== What is being asked ==
All of the entries need to be printed again exactly; pictures are the only thing to omit.

Short web captions:
Content starts

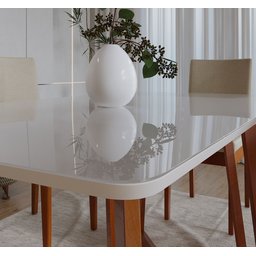 Conjunto Mesa Com Vidro Pés Madeira Maciça 6 Cadeiras Madeira Dakota Tecido A40  - 6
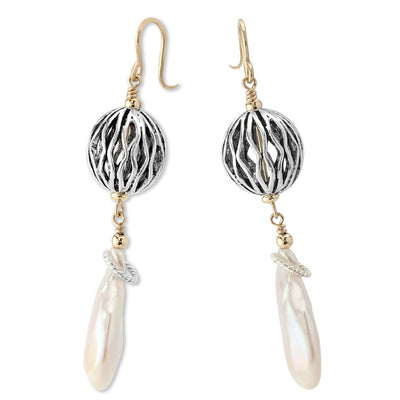 Openwork Pearl Earrings-341386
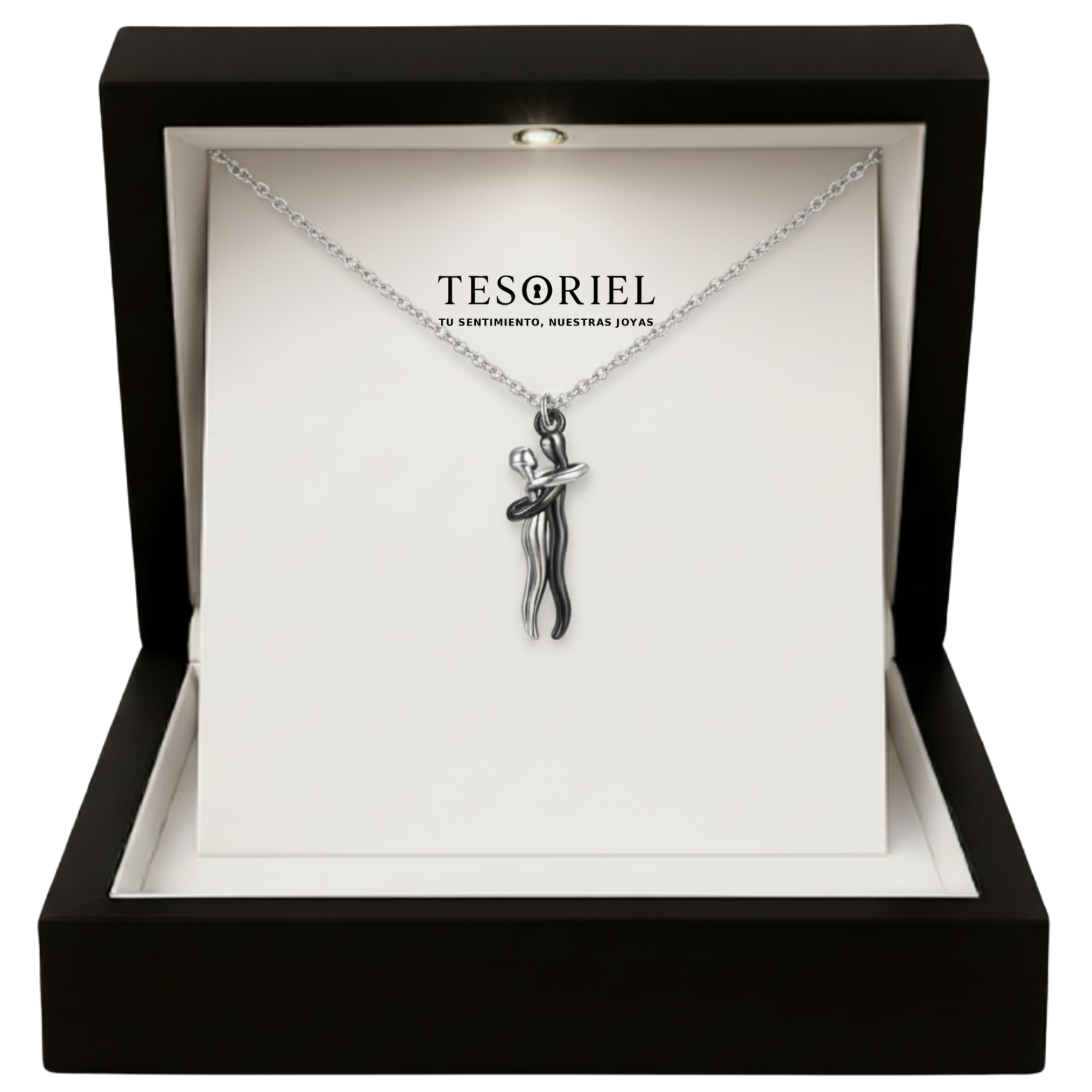 Colgante Abrazo Eterno Plata-Negro con Cartas Especiales A Mano - Tesoriel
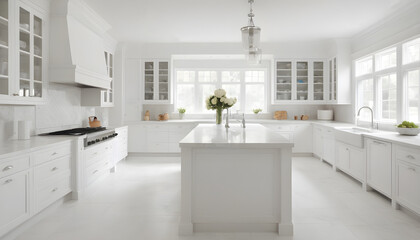 Fototapeta na wymiar beautiful modern light and bright white kitchen with center island and white cabinetry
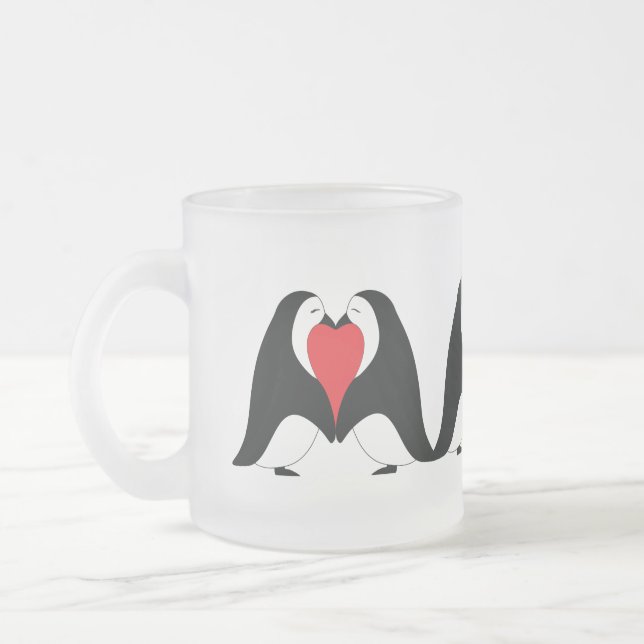 Valentine Heart Penguins Frosted Glass Coffee Mug (Left)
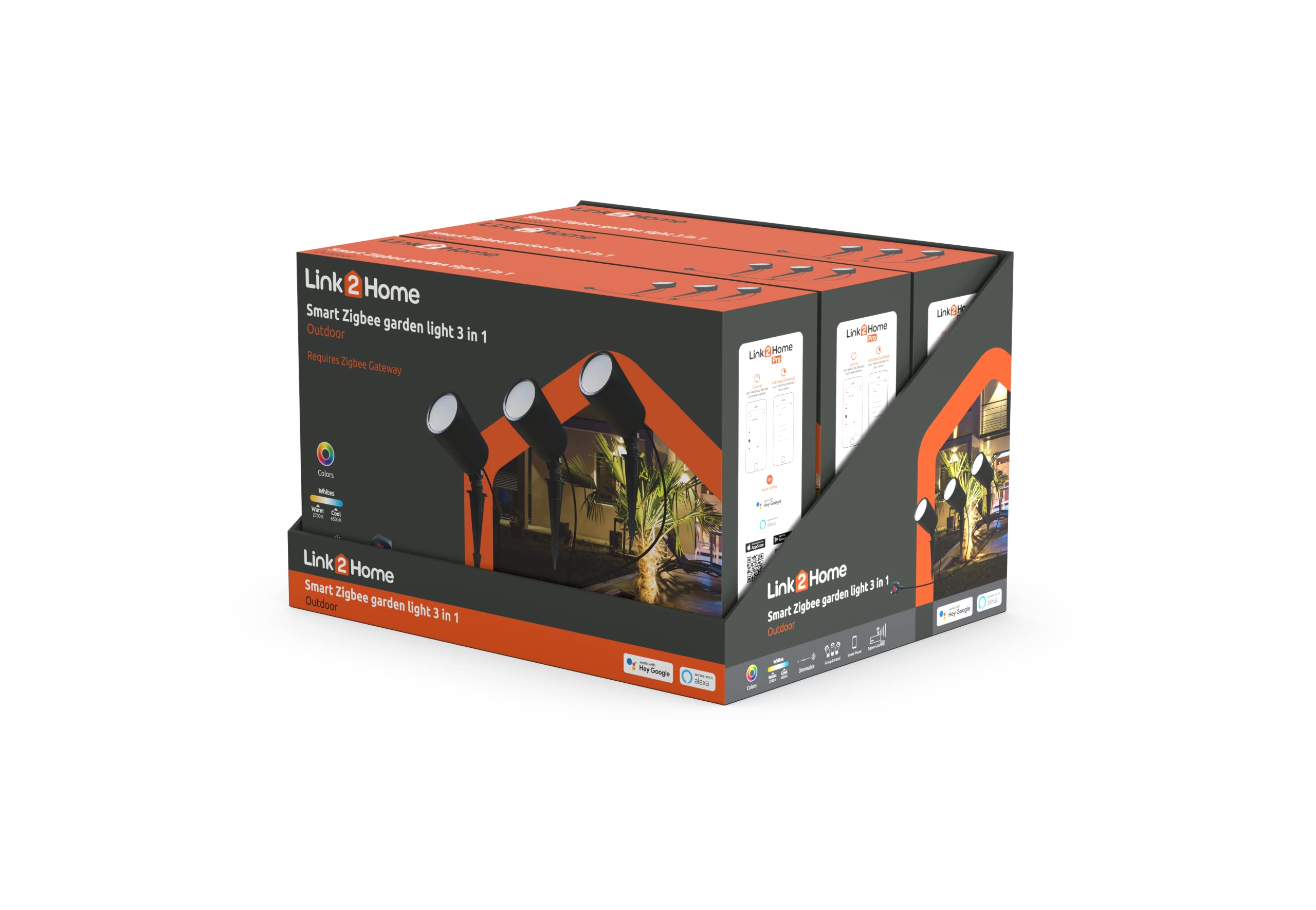 Link2Home Zigbee Smart Garden Light, Round Outdoor Smart Spotlights with RGB Multicolour and Alexa, Siri, and Google Voice Control (3-Pack)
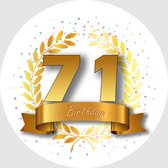 24x Verjaardag ronde stickers 71 jaar - Happy Birthday Feest Stickervellen Kinderen Volwassenen Cadeau Sticker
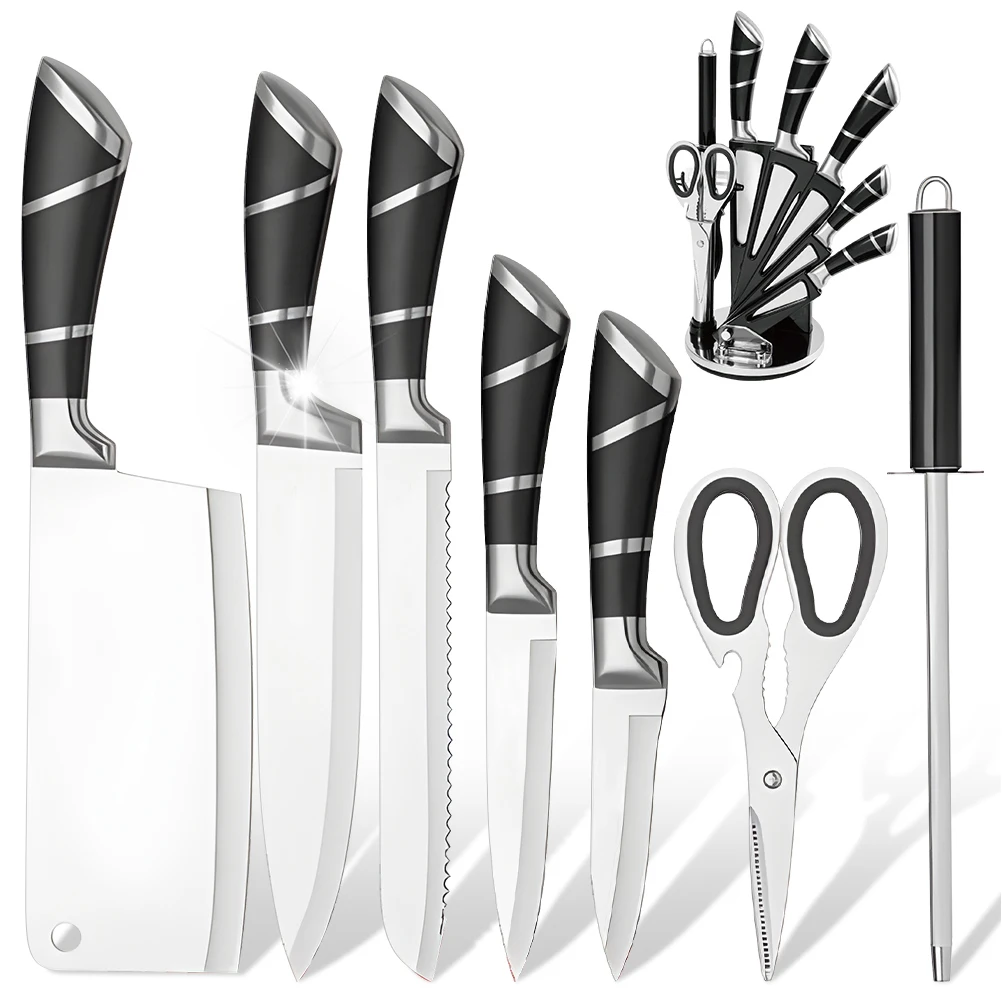 9-teiliges schwarzes Küchenmesser-Set mit Hohlgriff aus rostfreiem Edelstahl, scharfe, langlebige, rostfreie Kochmesser mit Messerblock für Zuhause und als Geschenk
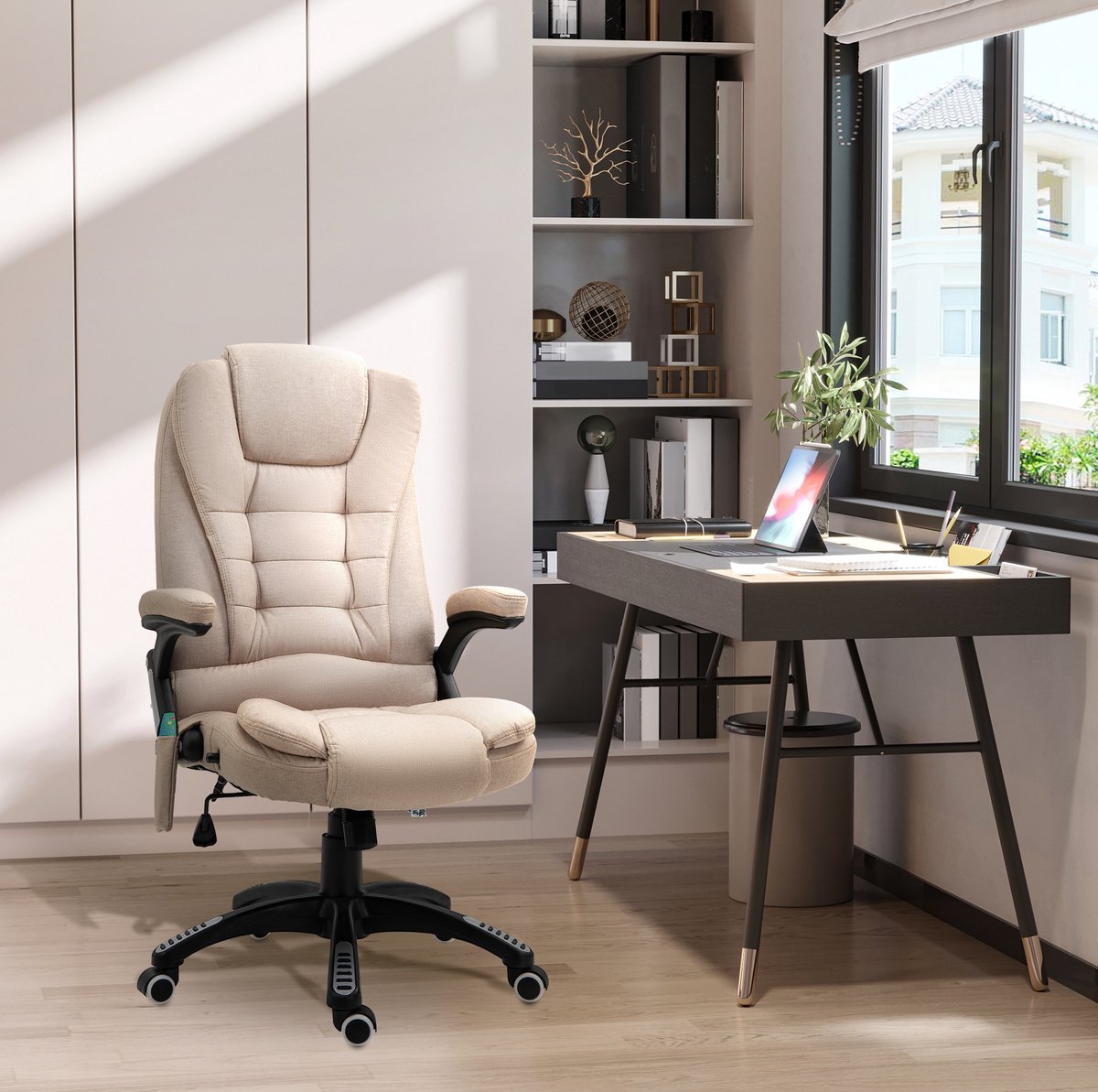 OKWISH Bureaustoel 68 Cm - Ergonomische Massagestoel Met Warmte En Ligfunctie - Voor Comfortabel Werken En Ontspannen - Polyester - Bruin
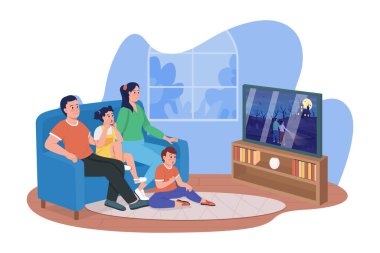 2D vektörlü bir korku filmi izlemek izole edilmiş bir resimdir. Çocuklu ebeveynler çizgi film arka planında aynı koltukta oturuyorlar. Aile bağları Renkli sahne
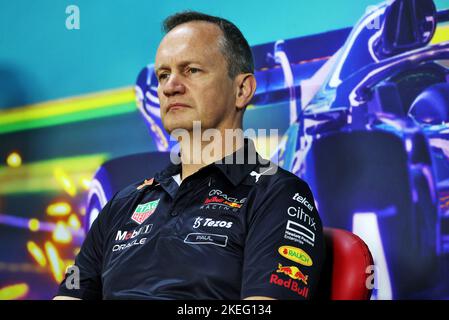 FIA Pressekonferenz mit Paul Monaghan (GBR) Red Bull Racing Chief Engineer, Portrait während der Formel 1 Heineken Grande Premio de São Paulo 2022, Sao Paulo Grand Prix Grand Prix 2022, 21. Runde der FIA Formel 1 Weltmeisterschaft 2022 vom 11. Bis 13. November, 2022 auf dem Interlagos Circuit, in Sao Paulo, Brasilien - Foto DPPI Stockfoto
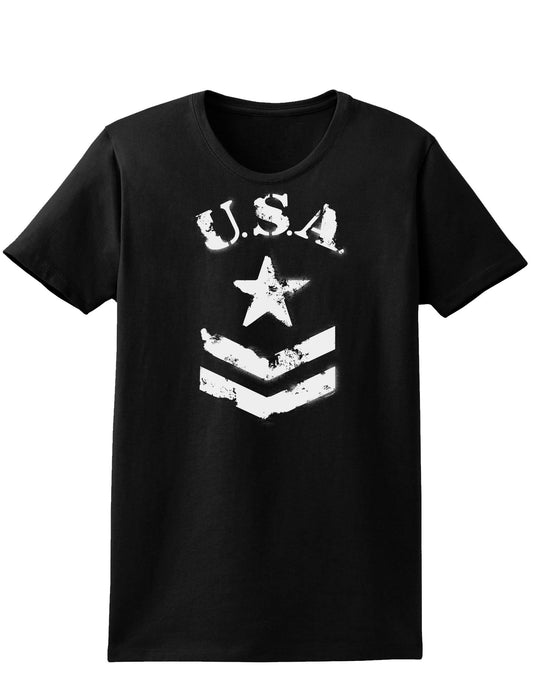 USA Military Star Stencil Logo Womens Dark T-Shirt-TooLoud-Black-X-Small-Davson Sales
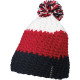 Myrtle Beach | MB 7940 | 3-colored Crocheted Beanie with Pompon - Headwear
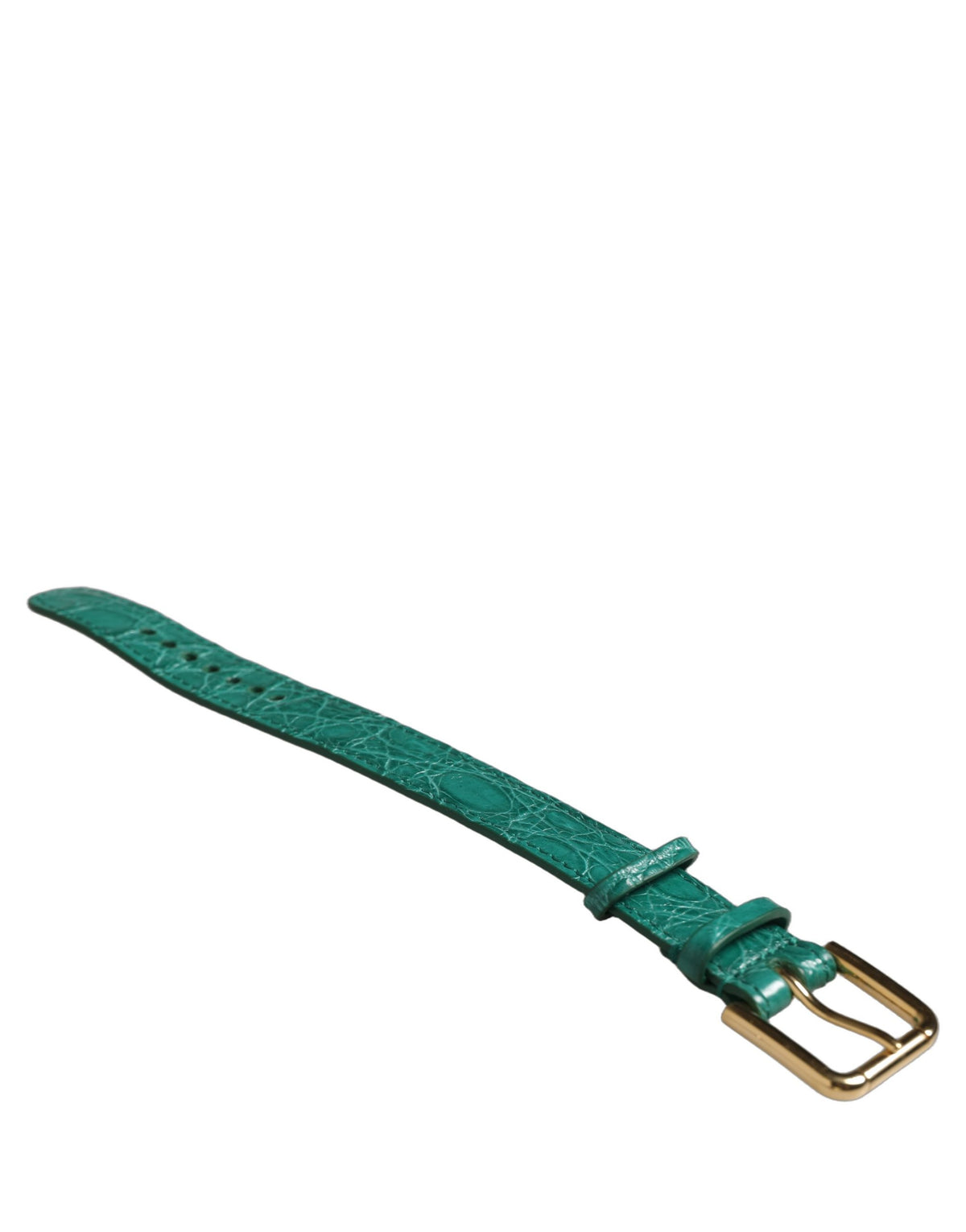 Dolce & Gabbana Green Embossed Leather Gold Buckle Belt Strap Bracelet
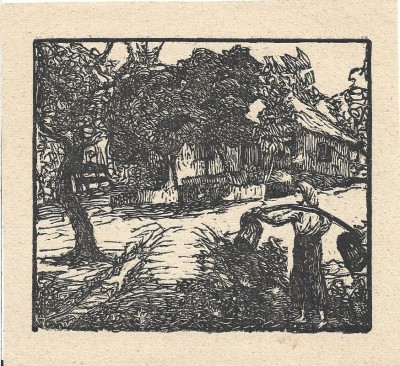 A3357N Gravură de &amp;icirc;nceput de secol al XX-lea, artist rom&amp;acirc;n foto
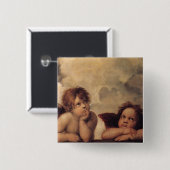Badge Carré 5 Cm Raphael, Sistine Cherub (Devant & derrière)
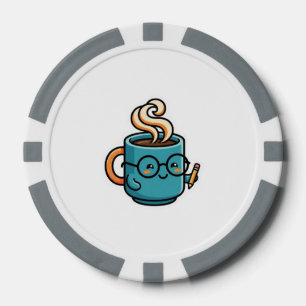 Cute Kawaii Koffiekopje met LeesbrilSticker Poker Chips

Content ends

== Answer for the task ==
 Conjunto Mesa Com Vidro Pés Madeira Maciça 6 Cadeiras Madeira Dakota Tecido A40  - 6
 Openwork Pearl Earrings-341386
 Colgante Abrazo Eterno Plata-Negro con Cartas Especiales A Mano - Tesoriel
 Fototapeta na wymiar beautiful modern light and bright white kitchen with center island and white cabinetry
 Valentine Heart Penguins Frosted Glass Coffee Mug (Left)
 Link2Home Zigbee Smart Garden Light, Round Outdoor Smart Spotlights with RGB Multicolour and Alexa, Siri, and Google Voice Control (3-Pack)
 24x Verjaardag ronde stickers 71 jaar - Happy Birthday Feest Stickervellen Kinderen Volwassenen Cadeau Sticker
 9-teiliges schwarzes Küchenmesser-Set mit Hohlgriff aus rostfreiem Edelstahl, scharfe, langlebige, rostfreie Kochmesser mit Messerblock für Zuhause und als Geschenk
 OKWISH Bureaustoel 68 Cm - Ergonomische Massagestoel Met Warmte En Ligfunctie - Voor Comfortabel Werken En Ontspannen - Polyester - Bruin
 2D vektörlü bir korku filmi izlemek izole edilmiş bir resimdir. Çocuklu ebeveynler çizgi film arka planında aynı koltukta oturuyorlar. Aile bağları Renkli sahne
 FIA Pressekonferenz mit Paul Monaghan (GBR) Red Bull Racing Chief Engineer, Portrait während der Formel 1 Heineken Grande Premio de São Paulo 2022, Sao Paulo Grand Prix Grand Prix 2022, 21. Runde der FIA Formel 1 Weltmeisterschaft 2022 vom 11. Bis 13. November, 2022 auf dem Interlagos Circuit, in Sao Paulo, Brasilien - Foto DPPI Stockfoto
 USA Military Star Stencil Logo Womens Dark T-Shirt-TooLoud-Black-X-Small-Davson Sales
 Myrtle Beach | MB 7940 | 3-colored Crocheted Beanie with Pompon - Headwear
 Dolce & Gabbana Green Embossed Leather Gold Buckle Belt Strap Bracelet
 A3357N Gravură de &amp;icirc;nceput de secol al XX-lea, artist rom&amp;acirc;n foto
Badge Carré 5 Cm Raphael, Sistine Cherub (Devant & derrière)
 Cute Kawaii Koffiekopje met LeesbrilSticker Poker Chips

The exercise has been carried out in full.